Maybe someone with the know-how can explain us why is this happening.
Slow down, man. Step by step.
A
connection-mark is assigned to the whole connection, i.e. a (bi-directional by nature) TCP session or a UDP stream (which is usually also bi-directional). So once you assign
connection-mark=XXX to a connection, by means of a mangle rule with
action=mark-connection, all further packets belonging to that connection, regardless their direction, and including the packet which caused the
connection-mark to be assigned if
passthrough was set to
yes in the
action=mark-connection rule, match the condition
connection-mark=XXX.
A
connection-mark never "follows" a
packet-mark automatically, nor vice versa - you have to use a mangle rule to generate one from the other, i.e.
action=mark-packet connection-mark=XXX new-packet-mark=YYY (used more frequently as it makes sense in more scenarios) or
action=mark-connection packet-mark=YYY new-connection-mark=XXX (which might make sense in some complex scenarios where the
packet-mark is assigned by an
/interface bridge filter rule). The name spaces of
connection-mark,
packet-mark, and
routing-mark are independent, so use of the same string as
connection-mark and
packet-mark has no effect unless you use one of the rules above.
Next, don't misunderstand what @pe1chl has written - in the current version of RouterOS (6.44.3 for the record), only a single
connection-mark can be assigned to a connection at a time. If you assign another
connection-mark to it, the previously assigned one is overwritten. I don't exactly understand what @pe1chl had in mind when saying that you can assign a distinct
connection-mark to each direction of a connection; what you can do is to assign a different
connection-mark depending on the direction in which the connection was
initiated, but that's not the same thing.
Another important point is that assignment of
packet-mark and
routing-mark is only valid for a single packet; the next packet belonging to the same direction of the same connection has to be packet-marked or routing-marked on its own if that is required (which it usually is).
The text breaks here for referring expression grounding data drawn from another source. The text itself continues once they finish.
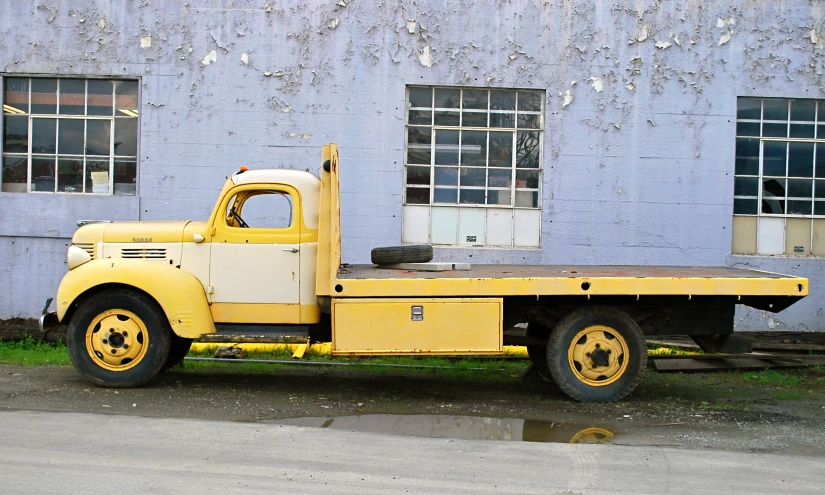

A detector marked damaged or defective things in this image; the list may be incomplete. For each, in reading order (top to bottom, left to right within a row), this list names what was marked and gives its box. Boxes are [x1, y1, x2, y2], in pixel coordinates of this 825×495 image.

peeling white paint [198, 50, 214, 66]
peeling white paint [416, 46, 434, 67]
broken window pane [3, 77, 28, 114]
broken window pane [30, 78, 57, 114]
broken window pane [58, 79, 85, 115]
broken window pane [87, 81, 113, 116]
broken window pane [406, 87, 432, 108]
broken window pane [736, 99, 764, 121]
broken window pane [2, 115, 27, 152]
broken window pane [30, 158, 56, 193]
broken window pane [31, 117, 56, 153]
broken window pane [58, 118, 84, 155]
broken window pane [86, 159, 110, 194]
broken window pane [460, 131, 486, 168]
broken window pane [516, 132, 540, 169]
broken window pane [784, 143, 812, 178]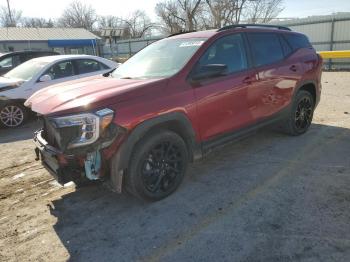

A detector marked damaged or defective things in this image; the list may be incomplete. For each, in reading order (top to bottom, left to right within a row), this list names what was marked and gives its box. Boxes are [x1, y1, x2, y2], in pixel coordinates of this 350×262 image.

damaged front end [33, 108, 126, 186]
broken headlight [52, 108, 114, 148]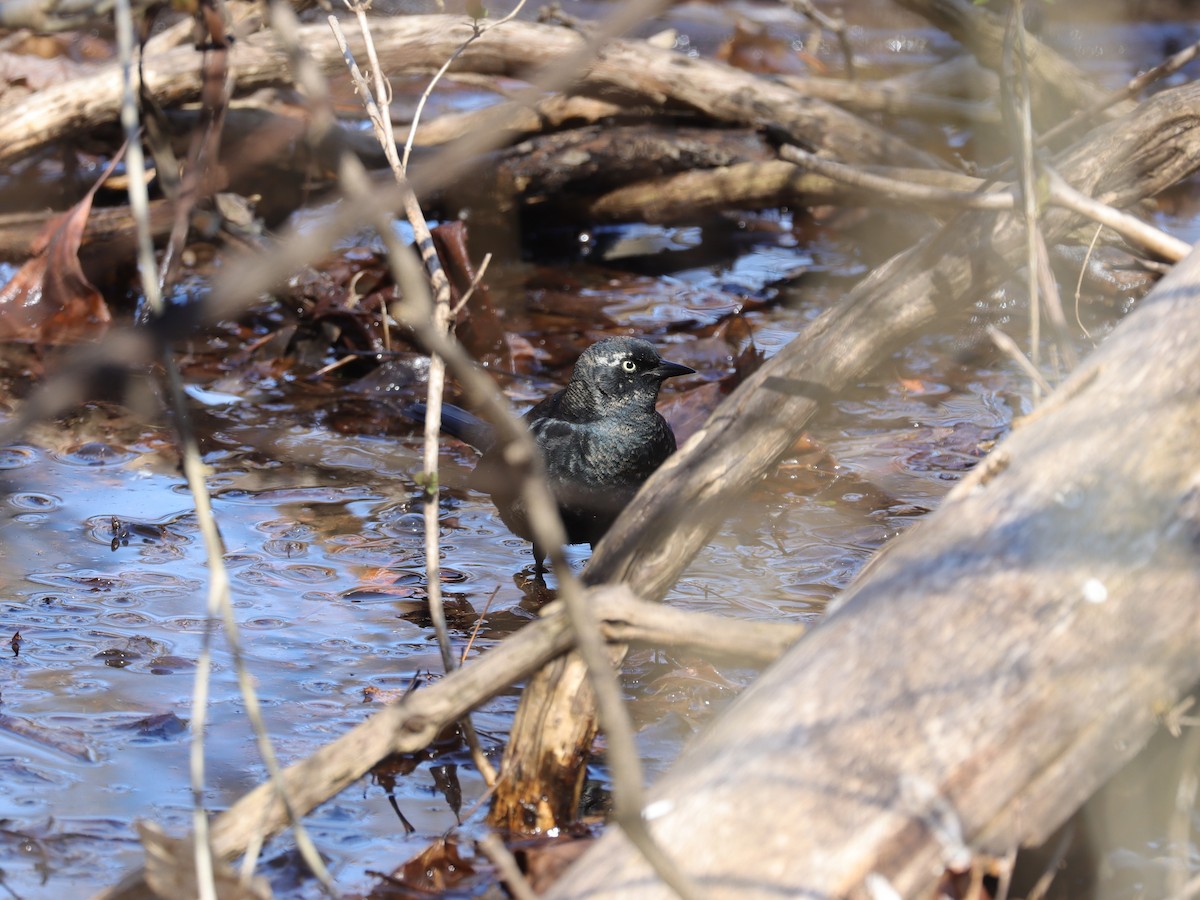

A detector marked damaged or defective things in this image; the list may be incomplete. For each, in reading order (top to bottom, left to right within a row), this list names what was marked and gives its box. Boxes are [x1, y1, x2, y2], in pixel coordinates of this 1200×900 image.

So to assign the appropriate
packet-mark to a packet, to be used as a key to select a queue, you have to use a mangle rule (usually, one assigning a
packet-mark depending on
connection-mark as above; to do so already for the first packet of a connection, the
action=mark-connection rule must have
passthrough set to
yes and the
action=mark-packet rule must follow it (and it doesn't necessarily need to have
passthrough set to
no as you may want to assign both a
packet-mark and a
routing-mark).
But you have two possibilities how to use the
packet-mark to choose a queue from the tree:
- either you set the parent of the queue to global, and in that case, you have to use a distinct packet-mark for each direction to choose the right queue, so you need to match something more than just the connection-mark in the mangle rule,
- or you set the parent of the queue to an outgoing interface, and in that case, you can use the same packet-mark for both directions as the queue matching the packet-mark is only chosen among those whose ultimate parent matches the packet's output interface.